Camminammo in silenzio. Il suo sguardo lo sentivo incombere con forza su di me.

“Grazie sei stato molo gentile. Ci vediamo”. Non sapevo cos'altro dirgli. La sua mano mi fermò.

“Assunta aspetta volevo chiederti se ti va di uscire qualche volta. Lo chiedo a tua madre ma tu ci vieni con voglia se lei ti da il permesso?”. Bum. Bum. Bum.

“Se glielo chiedi ci vengo volentieri”. “Grazie. Sono molto contento”. La sua mano morbida sfiorò la mia guancia rossa. Sfacciata alzai le punte dei piedi e gli baciai la sua. Mi voltai e corsi verso casa. Quando mi richiusi la porta alle spalle capii che da li partiva la vita. Ero finalmente nel cuore di qualcuno.

“La vedi quella montagna?” Il dito indicava distese verdi della Sila mentre le altre giocavano con la mia gonna. “vorrei costruirci una casa li. Nel verde avrebbe tutto un suo fascino. Cosa ne dici?”.

“Il punto non è la casa. É che devi trovarti una brava ragazza per mandarla avanti. Una che con i fornelli va alla grande”

“Perché non l'ho già trovata?”

“Non mi sembra. Mi sono persa qualcosa?”mi divertiva stuzzicarlo. Mi abbracciò. La voglia di stringerci fino a morire era grande. Le coccole non bastavano. In quell'istante ci poteva essere tutto tranne che l'incertezza. Non avevamo spazio per pensare. Mi sentivo come una bimba stretta nella morsa del fiore più bello. Per la prima volta qualcuno riuscì a rendermi felice. Il nostro primo bacio fu naturale,paziente,eccitato. Due lingue si dichiaravano guerra. Non conoscevamo l'amore ma la scoperta che ne facemmo insieme fu il dipinto più colorato della nostra storia. Due mesi dopo ci fidanzammo ufficialmente. Quando partì militare per me fu come morire. Alla stazione baciò solo le mie lacrime. Nei due anni a seguire le sue lettere scaldavano quel cuore che si stava raffreddando per un'assenza troppo lunga. Il vestito da sposa attendeva impaziente. Il giorno delle nozze arrivo dopo tre mesi dal suo arrivo. Il candore di quel giorno fu così unico tanto che il paese lo ricorda come il più bel matrimonio di sempre. Alla sera consumammo quell'amore nascosto e ancora acerbo. Quello che a ventidue anni vuoi cullare fino in fondo. Due giovani corpi si stavano amando, intrecciandosi. Il contatto delle lisce pelli rallegrarono la notte forte. Il dolore di una prima volta lasciava spazio alla scoperta. Ormoni impazziti e gemiti di piacere si confondevano nella stanza buia. La notte distrusse lievemente il mio essere bambina. La vita adulta ci chiamava a gran voce. Adorai ogni secondo che ci vide uniti. Insieme conoscemmo il piacere. Nel letto, abbracciati con la voglia di ricominciare, il suo animo mi regalò un nuovo motivo per vivere. Un cardellino si dischiuse tra le mie mani. Un'ala fasciata gli impediva di volare. “L'ho curato nei mesi che siamo stati lontani e ogni volta che mi mancavi gli parlavo. Sa tutto di te. Più di quello che so io di noi. É tuo. Ti prometto che guarirò tutte le tue ferite. Proprio come ho fatto con lui”. Partita vinta.

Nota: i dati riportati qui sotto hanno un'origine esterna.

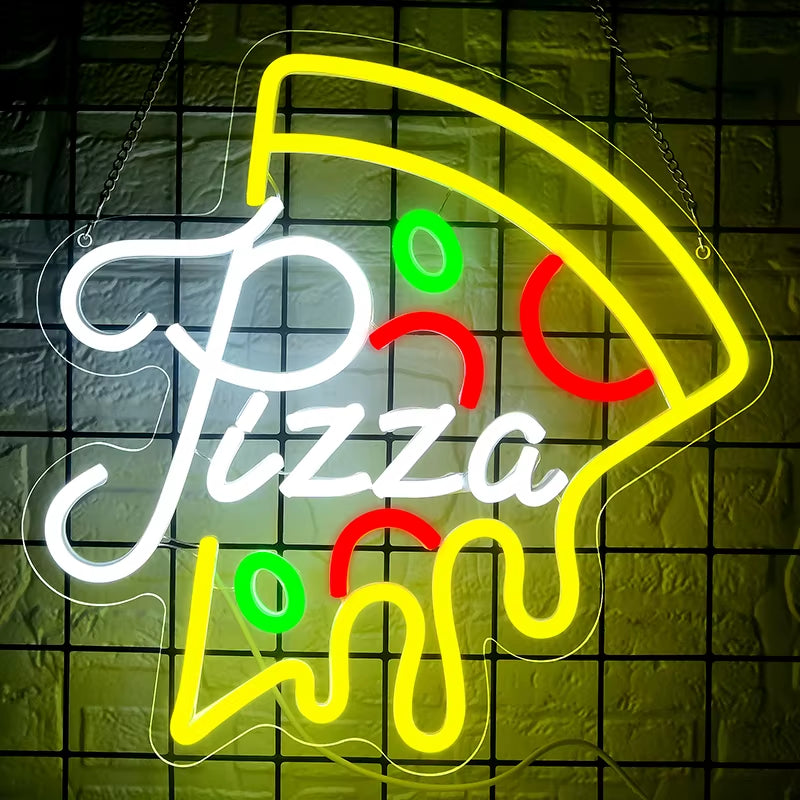Pizza Neon Sign for Wall Decor Pizzeria Neon Light up Sign for Restaurant Kitchen Store Party Bedroom Christmas Birthday Gifts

Quel regalo bello è ancora con me. Chiuso nella sua gabbia da forsennati anni. Mi affaccio dalla terrazza di quella casa realizzata e vedo una schiena curva affaticata. Lo sguardo di uomo anziano mi scruta bene. Il suo saluto con la mano mi ritorna familiare.

“Ciao Assunta”. La voce dell'amore è sempre con me.